And Reid can do a better job of publicly emphasizing that whether or not Bieniemy calls the offensive plays during the game — something that Reid does simply because he likes to do it — Bieniemy is nonetheless responsible for the Chiefs offense.
When Reid is deciding on a play to call during a game, the laminated sheet he’s consulting doesn’t list all the plays in the team’s voluminous playbook. Instead, it is a list of plays that has been chosen for specific situations against the particular defense the Chiefs are facing that day — plays the offense has practiced in that context.
Creating that list requires many hours of film study and creative thinking — all of which is Bieniemy’s responsibility.

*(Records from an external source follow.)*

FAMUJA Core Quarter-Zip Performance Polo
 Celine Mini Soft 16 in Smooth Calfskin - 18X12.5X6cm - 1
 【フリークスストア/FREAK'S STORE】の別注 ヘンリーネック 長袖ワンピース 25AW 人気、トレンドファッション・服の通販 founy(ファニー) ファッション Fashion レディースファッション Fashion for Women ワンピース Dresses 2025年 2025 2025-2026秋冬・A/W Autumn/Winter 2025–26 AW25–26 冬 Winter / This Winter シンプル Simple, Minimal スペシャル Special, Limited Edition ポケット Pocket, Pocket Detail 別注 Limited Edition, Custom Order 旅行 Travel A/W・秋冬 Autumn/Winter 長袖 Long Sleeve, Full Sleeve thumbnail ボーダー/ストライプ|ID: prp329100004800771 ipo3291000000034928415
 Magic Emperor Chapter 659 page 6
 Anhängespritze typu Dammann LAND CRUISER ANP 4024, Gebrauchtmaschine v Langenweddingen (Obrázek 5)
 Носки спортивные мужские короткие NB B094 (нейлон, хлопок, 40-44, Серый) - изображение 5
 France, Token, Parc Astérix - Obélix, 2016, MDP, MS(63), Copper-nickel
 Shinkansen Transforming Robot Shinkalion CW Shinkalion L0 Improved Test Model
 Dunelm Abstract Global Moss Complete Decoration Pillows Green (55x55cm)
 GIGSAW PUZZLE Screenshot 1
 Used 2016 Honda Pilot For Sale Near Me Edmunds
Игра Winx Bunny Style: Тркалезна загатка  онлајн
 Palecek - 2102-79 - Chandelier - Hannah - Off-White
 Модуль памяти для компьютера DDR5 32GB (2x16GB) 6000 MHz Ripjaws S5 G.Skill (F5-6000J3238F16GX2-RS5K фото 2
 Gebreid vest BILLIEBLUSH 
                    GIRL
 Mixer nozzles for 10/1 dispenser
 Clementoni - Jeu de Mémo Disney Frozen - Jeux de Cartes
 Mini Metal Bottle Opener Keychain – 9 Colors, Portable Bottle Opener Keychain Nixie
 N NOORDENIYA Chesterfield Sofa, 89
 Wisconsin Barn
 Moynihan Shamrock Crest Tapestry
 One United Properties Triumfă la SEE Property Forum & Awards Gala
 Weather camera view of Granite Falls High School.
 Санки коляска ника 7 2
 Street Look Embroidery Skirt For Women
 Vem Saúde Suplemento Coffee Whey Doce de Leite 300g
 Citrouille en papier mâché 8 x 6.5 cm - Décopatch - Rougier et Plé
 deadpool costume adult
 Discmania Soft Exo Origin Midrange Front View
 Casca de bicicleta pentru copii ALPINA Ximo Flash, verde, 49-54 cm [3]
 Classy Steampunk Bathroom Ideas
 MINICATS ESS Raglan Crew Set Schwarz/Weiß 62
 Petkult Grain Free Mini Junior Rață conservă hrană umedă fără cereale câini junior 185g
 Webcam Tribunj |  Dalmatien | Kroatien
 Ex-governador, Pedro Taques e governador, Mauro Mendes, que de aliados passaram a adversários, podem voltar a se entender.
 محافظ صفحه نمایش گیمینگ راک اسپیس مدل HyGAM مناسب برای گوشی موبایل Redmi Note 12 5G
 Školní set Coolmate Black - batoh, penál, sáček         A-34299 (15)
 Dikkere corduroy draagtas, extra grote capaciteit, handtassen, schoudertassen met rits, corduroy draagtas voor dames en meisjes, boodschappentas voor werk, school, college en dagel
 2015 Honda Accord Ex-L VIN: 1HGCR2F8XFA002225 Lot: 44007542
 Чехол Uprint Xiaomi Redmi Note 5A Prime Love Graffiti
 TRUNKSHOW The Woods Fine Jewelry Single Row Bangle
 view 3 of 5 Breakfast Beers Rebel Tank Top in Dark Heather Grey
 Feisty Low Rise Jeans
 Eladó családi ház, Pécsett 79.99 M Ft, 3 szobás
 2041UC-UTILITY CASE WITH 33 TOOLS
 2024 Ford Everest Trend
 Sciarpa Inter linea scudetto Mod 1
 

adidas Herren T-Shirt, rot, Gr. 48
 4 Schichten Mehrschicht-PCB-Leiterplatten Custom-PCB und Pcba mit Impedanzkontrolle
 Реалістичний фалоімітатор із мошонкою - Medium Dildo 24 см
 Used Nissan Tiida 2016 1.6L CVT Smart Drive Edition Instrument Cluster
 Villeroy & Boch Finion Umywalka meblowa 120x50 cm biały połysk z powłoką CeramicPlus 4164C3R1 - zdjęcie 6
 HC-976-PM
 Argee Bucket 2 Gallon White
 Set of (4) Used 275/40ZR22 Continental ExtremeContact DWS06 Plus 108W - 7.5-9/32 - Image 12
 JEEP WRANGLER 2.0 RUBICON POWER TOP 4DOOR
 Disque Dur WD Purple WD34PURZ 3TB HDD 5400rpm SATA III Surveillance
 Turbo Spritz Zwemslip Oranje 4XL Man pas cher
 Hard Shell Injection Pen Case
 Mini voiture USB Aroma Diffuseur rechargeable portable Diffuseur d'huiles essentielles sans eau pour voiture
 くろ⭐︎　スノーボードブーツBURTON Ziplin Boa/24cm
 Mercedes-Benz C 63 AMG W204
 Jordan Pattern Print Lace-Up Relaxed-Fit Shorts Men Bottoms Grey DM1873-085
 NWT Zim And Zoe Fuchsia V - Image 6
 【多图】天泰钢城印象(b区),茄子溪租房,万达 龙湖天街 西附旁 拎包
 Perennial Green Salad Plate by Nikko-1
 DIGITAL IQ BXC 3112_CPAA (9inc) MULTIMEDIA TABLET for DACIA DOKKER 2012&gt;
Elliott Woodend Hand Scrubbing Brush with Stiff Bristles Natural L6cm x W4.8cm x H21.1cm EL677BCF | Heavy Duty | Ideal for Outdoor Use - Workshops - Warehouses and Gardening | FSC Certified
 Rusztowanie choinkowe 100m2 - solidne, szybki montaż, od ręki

How do we know this? Because his former assistant coaches say so. Listen to his former assistant Ron Rivera, who told Sports Illustrated’s Albert Breer what it was like to coach under Reid:
“One of the things you gotta give Andy credit for is the way he does things. It’s almost like it’s right out of Bill Walsh’s book, Finding the Winning Edge. When I was first with Andy, he encouraged me to go get it, so I read the book. And by reading the book, one of the things I learned off it was that everything we did with Andy was in the book. So I started seeing why—in the book, there are great explanations of why Bill Walsh did everything that he did. He trusts you. So by empowering you and giving you trust, you really do feel like, ‘Wow, this is mine, he’s given us an opportunity to take a true stake in what we do.’”
But Rivera also said that Reid believes that if his coaches don’t ultimately live up to their responsibilities, it’s his failure, too.
“I remember asking Andy, ‘You know, you never fire anybody. Why?’ He said, ‘Ron, two things. First of all, I hired you. If I think something’s not going well, I’m gonna work with you, I’m gonna train you and give you every opportunity to succeed. If I don’t do that, it’s on me, it’s my fault.’ So he gave us this book on teaching, it’s a little book on teaching. And in it, there are little things about the progression of learning, the progression of teaching, you teach everything from the core, from the base. Like a tree, everything grows up, you’ve got a firm foundation and then it branches out. That’s how I look at coaching, from having read that book.”
Fortunately for the Chiefs, Bieniemy will spend another year as the team’s offensive coordinator. And for his sake, we can hope that Reid will continue to help him find a way to become the head coach teacher for another team — and continue to extend his mentor’s influence over the sport both men love.